San Gimignano si visita per le torri, e quasi tutti si fermano in piazza. Sant'Agostino sta all'altro capo del paese, dieci minuti più in là, e chi ci arriva trova una chiesa quasi vuota di gente e piena di pittura: dietro l'altare maggiore c'è il ciclo con la vita di sant'Agostino affrescato da Benozzo Gozzoli, diciassette scene, ed è il capolavoro che a San Gimignano nessuno si aspetta.

Cosa vedere

Il ciclo racconta la vita del santo come una storia a puntate: il bambino portato a scuola e picchiato dal maestro, gli studi, il viaggio, la conversione, la morte. Gozzoli dipinse architetture, paesaggi e vestiti del suo tempo, cioè del Quattrocento, così quelle scene ci dicono più su come si viveva allora che su come si viveva nel quarto secolo.

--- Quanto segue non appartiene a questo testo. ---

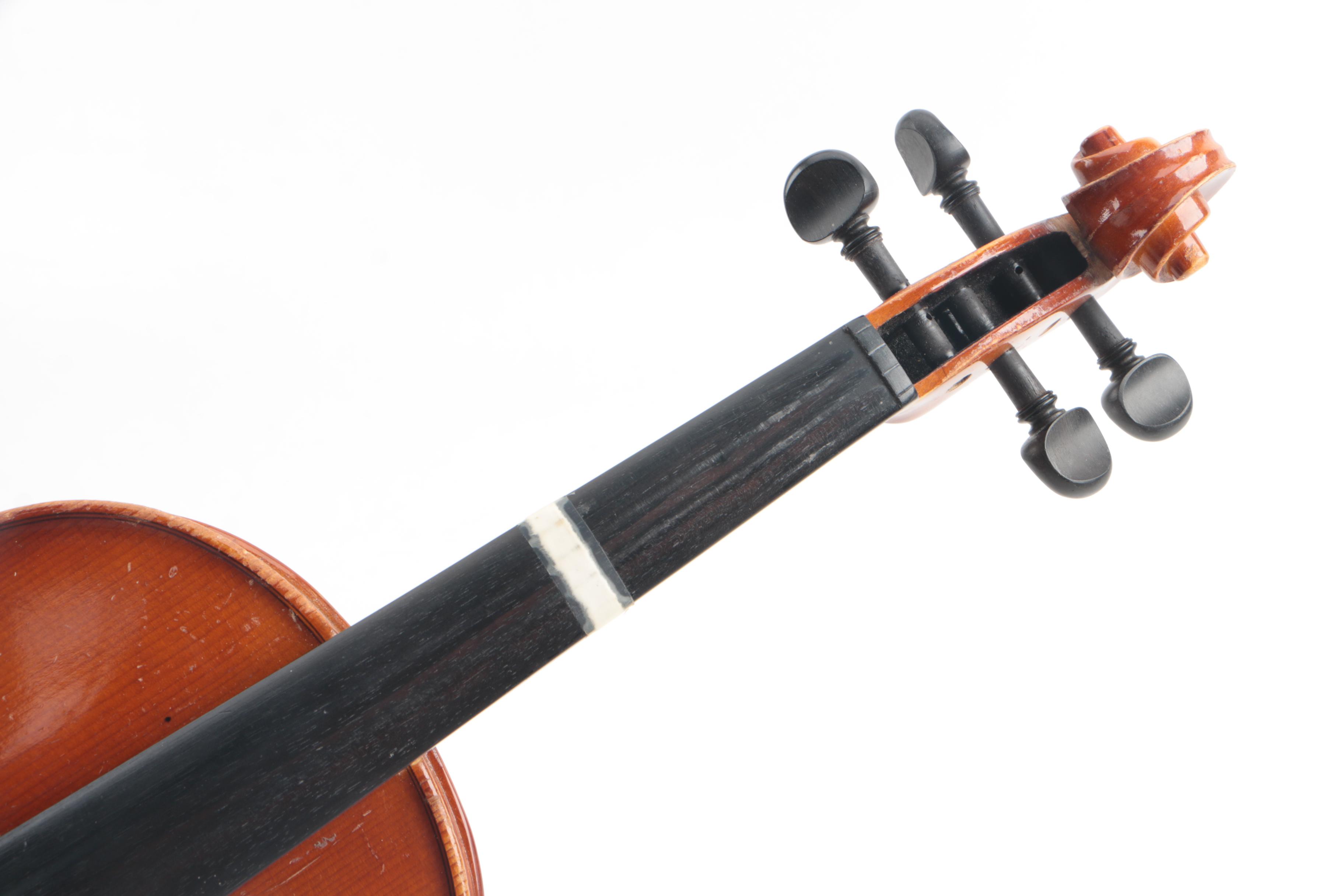 1991 A.R. Seidel Stradivarius Copy 4/4 Violin with Case and Glasser Bow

C'è anche un grande san Sebastiano affrescato dallo stesso pittore, fatto come ex voto dopo un'epidemia di peste: il santo protegge la città con il mantello mentre in alto Cristo scaglia le frecce del contagio. Nella cappella di San Bartolo, invece, c'è un altare di marmo scolpito da Benedetto da Maiano. La chiesa in sé è del Duecento, di mattoni, austera, con i finestroni gotici sui fianchi.

La visita

La chiesa è in piazza Sant'Agostino, all'estremità nord del centro storico; ingresso libero, con chiusura a mezzogiorno e orari ridotti d'inverno. Mezz'ora. Si entra di solito dalla porta laterale, e per illuminare gli affreschi c'è la macchinetta a monete.

Il consiglio della redazione

Andateci nel tardo pomeriggio, quando i pullman sono ripartiti: nel coro dietro l'altare si sta seduti da soli davanti a diciassette scene che nessuno guarda. Poi uscite nel chiostro quattrocentesco accanto, che è silenzioso e quasi sempre vuoto, e fatevi il giro sotto il portico prima di tornare verso la piazza.